Patients with AIP may be associated with an increased risk of developing malignant disease than the general population[137-139]. A considerable number of patients with AIP are diagnosed with cancer at the time of AIP diagnosis or within 1 year, with cancer lesions occurring more often in other organs, such as the stomach, lung and prostate, than the pancreas[137,140,141]. These results suggest that AIP may be related to cancer more in other organs than in the pancreas itself. Based on this phenomenon, some studies have argued that because cancer and AIP occur simultaneously, AIP can sometimes occur in coexistence with cancer as a paraneoplastic syndrome[137,140]. Studies on the incidence of PDAC in patients with AIP have reported conflicting results[140,142,143]. However, additional research is required, as one case report indicated that PDAC and cholangiocarcinoma developed during follow up after AIP treatment[144,145]. Studies on patients with IgG4-related diseases have also shown that various malignant diseases (e.g., lung cancer, colorectal cancer, pancreatic cancer, bladder cancer, lymphoma, and leukemia) may also occur with AIP[141,146-148],which suggests that IgG4-related diseases are associated with an increased risk of malignant disease.
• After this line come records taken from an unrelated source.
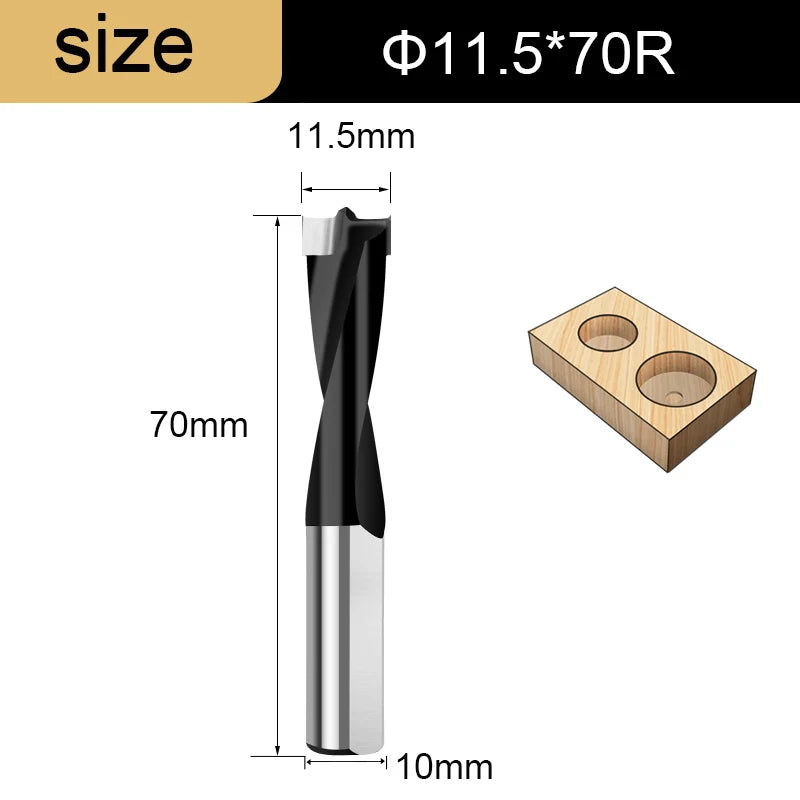 Gang drill bit for wood, 10mm shank, 70mm long - view 10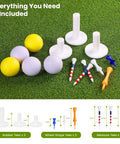 Golf tee accessories set included with Big League Golf Hitting Mat 6x4ft, rubber and measure tees displayed on artificial turf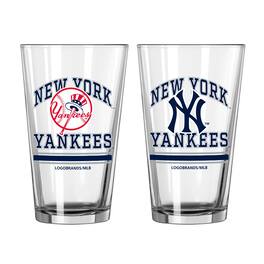 Logo Brands - New York Yankees 16oz. Pint Glass Two Pack - Multicolor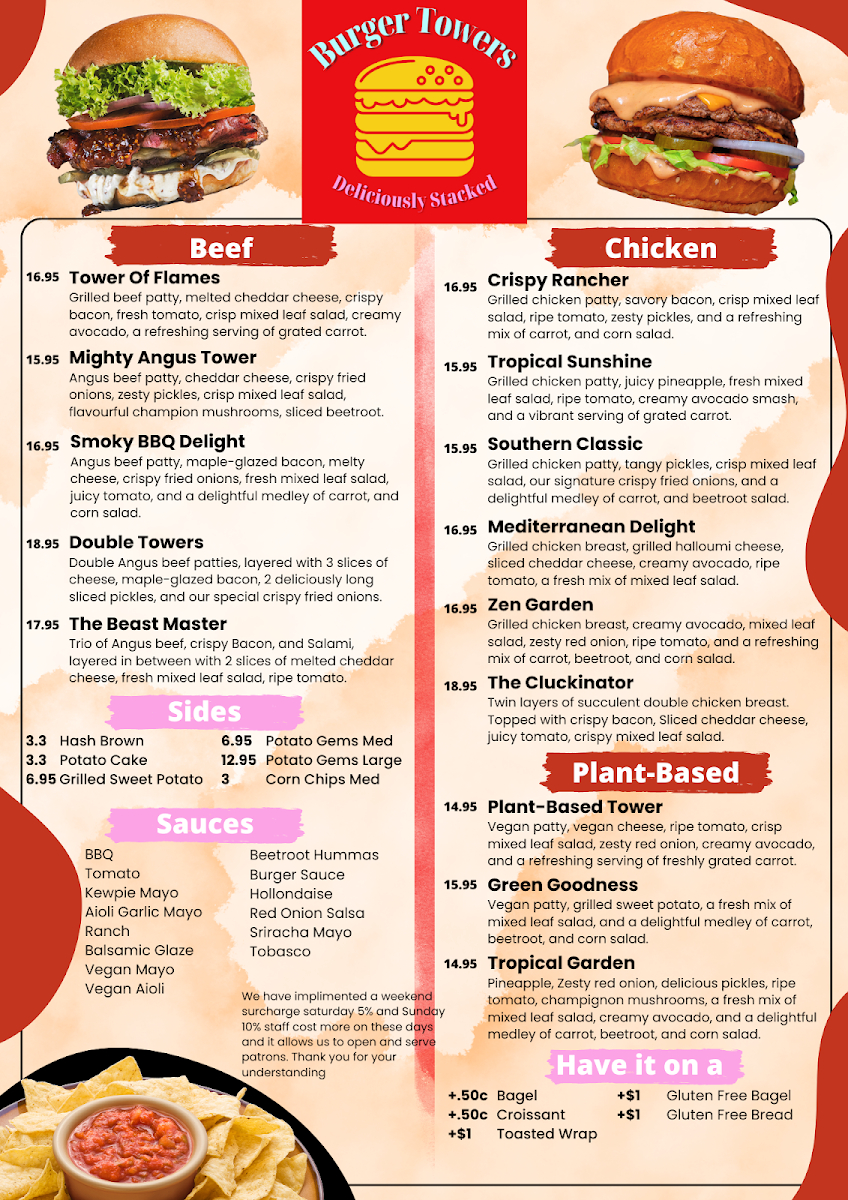 Menu, Burger Towers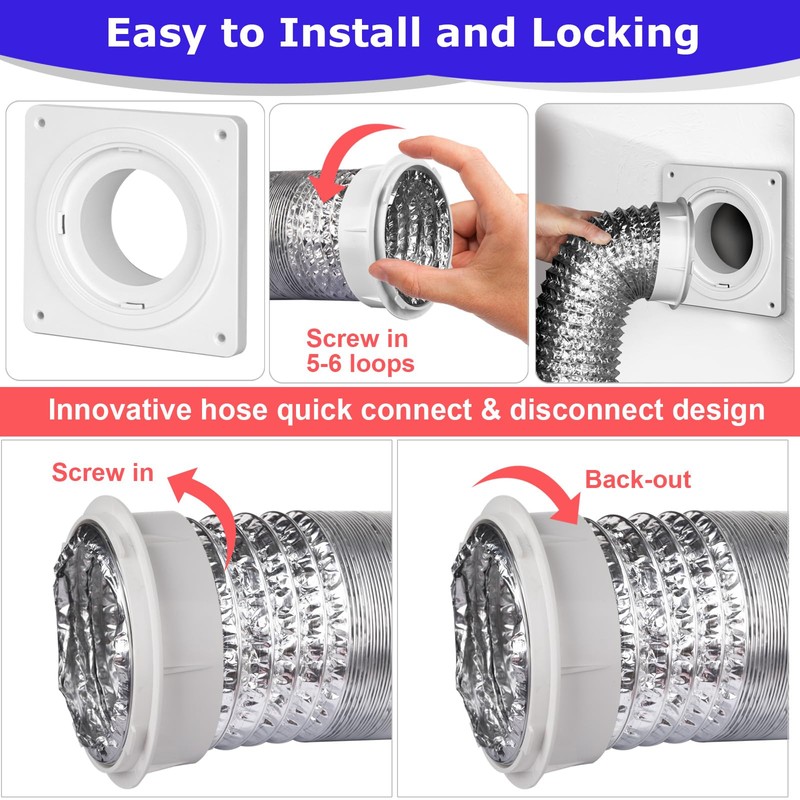 Senshare Dryer Vent Connector Kit, Dryer Vent Wall Plate with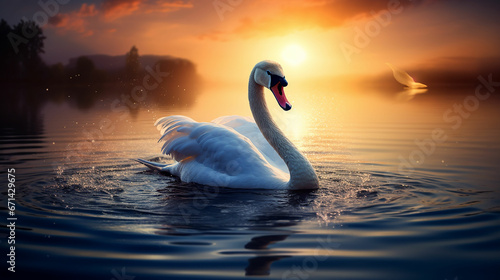 White swan in the lake with blue dark background on the sunset. Made with generative ai photo
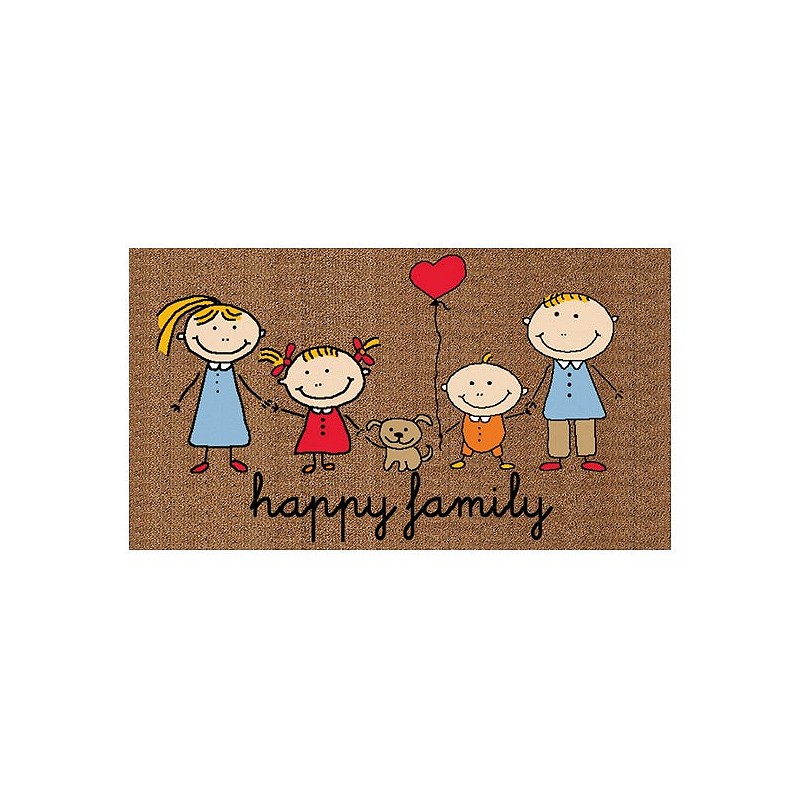 Compra Felpudo coco estampado 70 x 40 cm happy family DUETT 998110 FAM al mejor precio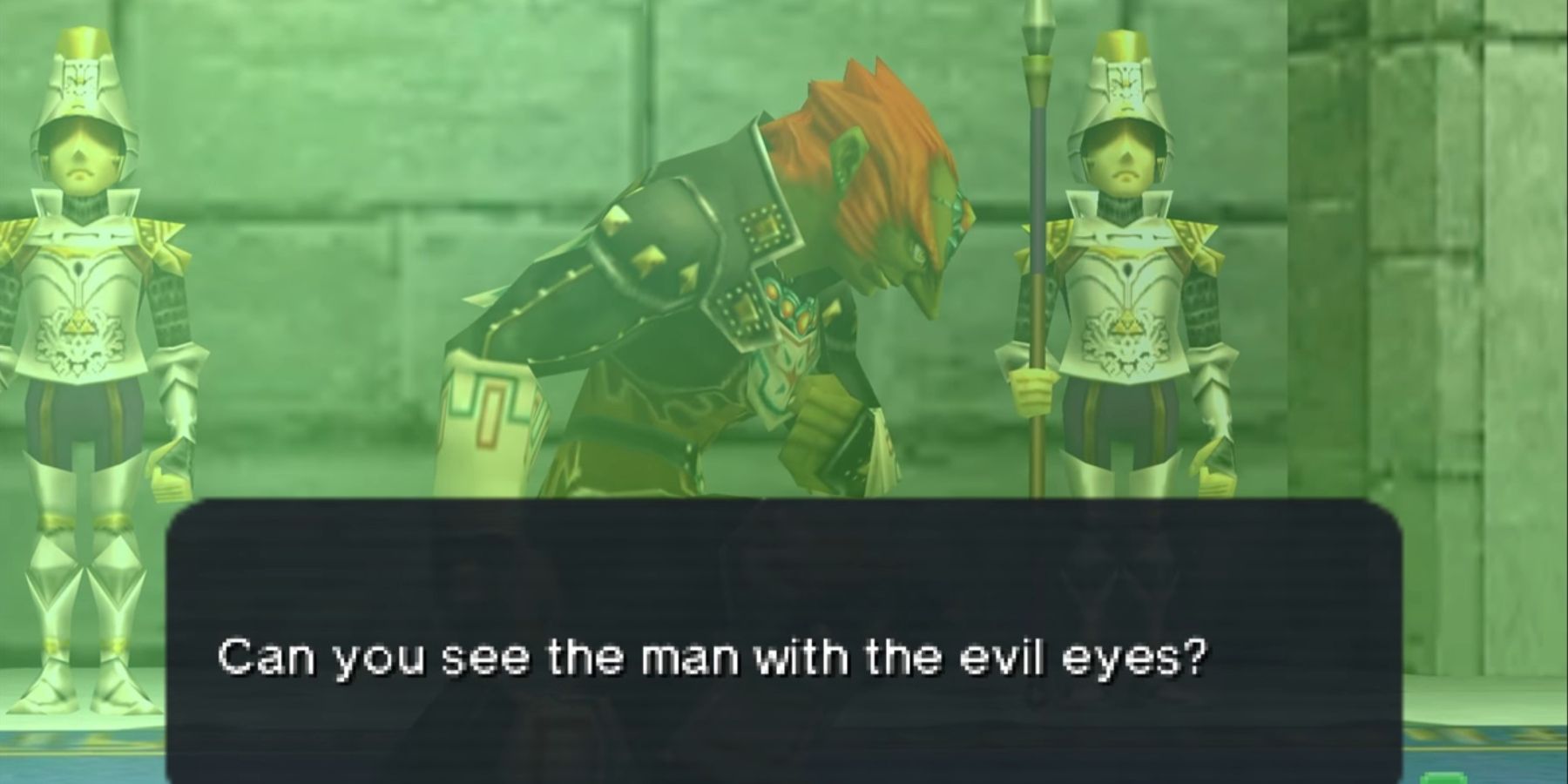 Ganondorf através de uma janela em Zelda: Ocarina of Time.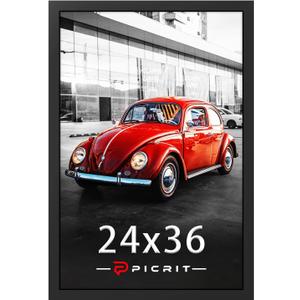 Picrit 24x36 Black Poster Frame, Wall Mounting Picture Frame for Gallery Wall, Vertical and Horizontal Hanging, 1 Pack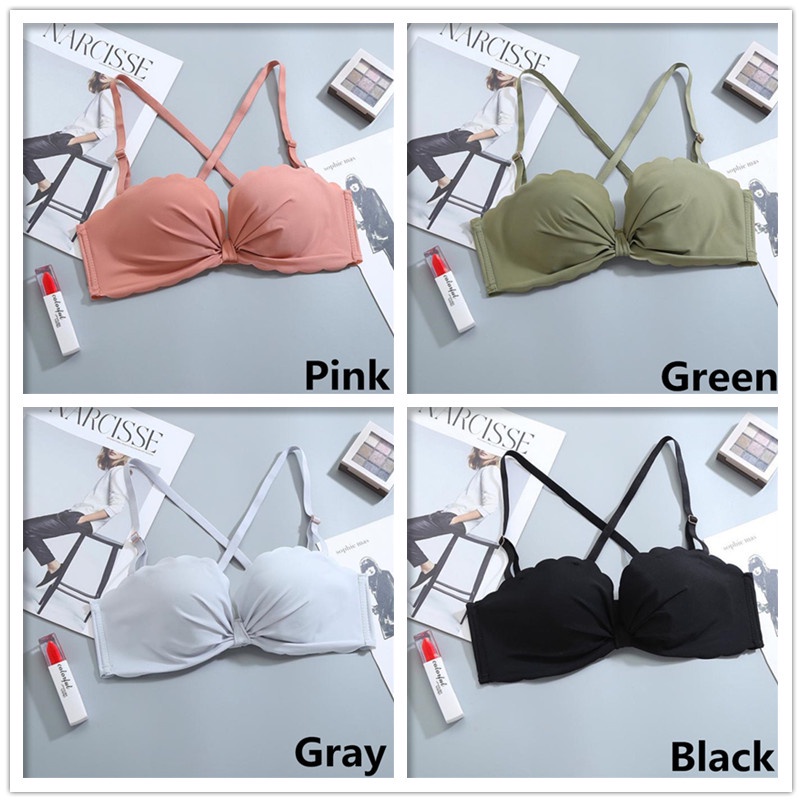 Áo lót nâng ngực nửa cup không đường may không dây cỡ 32-38AB màu sắc gợi cảm cho nữ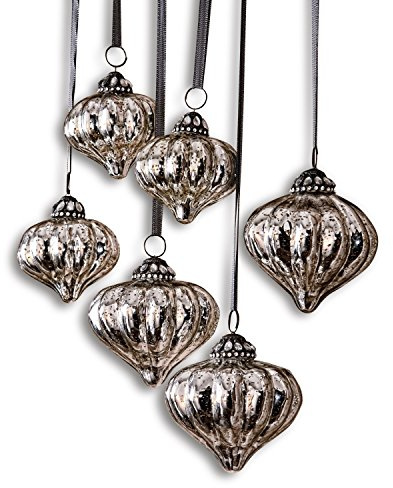 Loberon Weihnachtsschmuck Set Lauranne | Weihnachtsdeko Christbaumschmuck | Weihnachtskugeln Glas | Unterschiedliche Größen | 6 Stück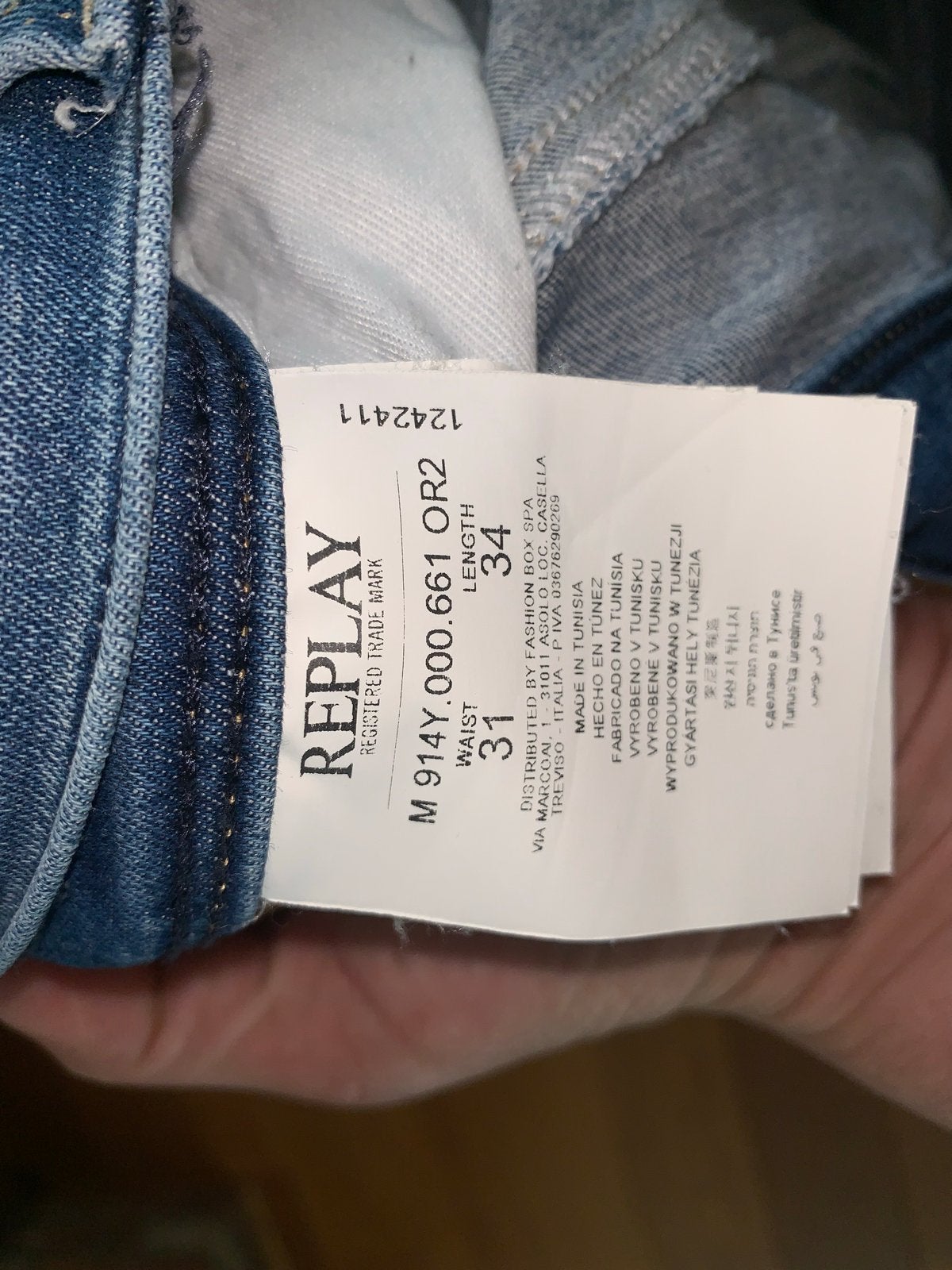 Replay Hyperflex Anbass Slim Fit Jeans W31 L34, Ophalen of Verzenden, Nieuw, Blauw, W32 (confectie 46) of kleiner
Although whether AIP is a risk factor for malignancy remains controversial careful attention should be paid to the occurrence of malignancy at the time of AIP diagnosis and during follow up.

CONCLUSION

AIP is a rare disease that can be difficult to diagnose and treat unless the clinician has a high index of suspicion for AIP. Obstructive jaundice, narrowing of the bile ducts, and focal masses in the pancreas can occur in AIP and may result in a misdiagnosis of pancreaticobiliary cancer; therefore, performing a cytology test or biopsy along with imaging and serology testing is required. Although most patients respond well to steroid treatment, relapse is frequent. Therefore, standardization of the duration and the dose of maintenance treatment is necessary. Patients who are resistant to steroid therapy may be treated with rituximab or immunomodulatory medications, although more research to support this regimen is required. Finally, long-term follow up is required in patients with AIP because endocrine and exocrine insufficiency of the pancreas may persist or be induced and are associated with the development of malignant tumors.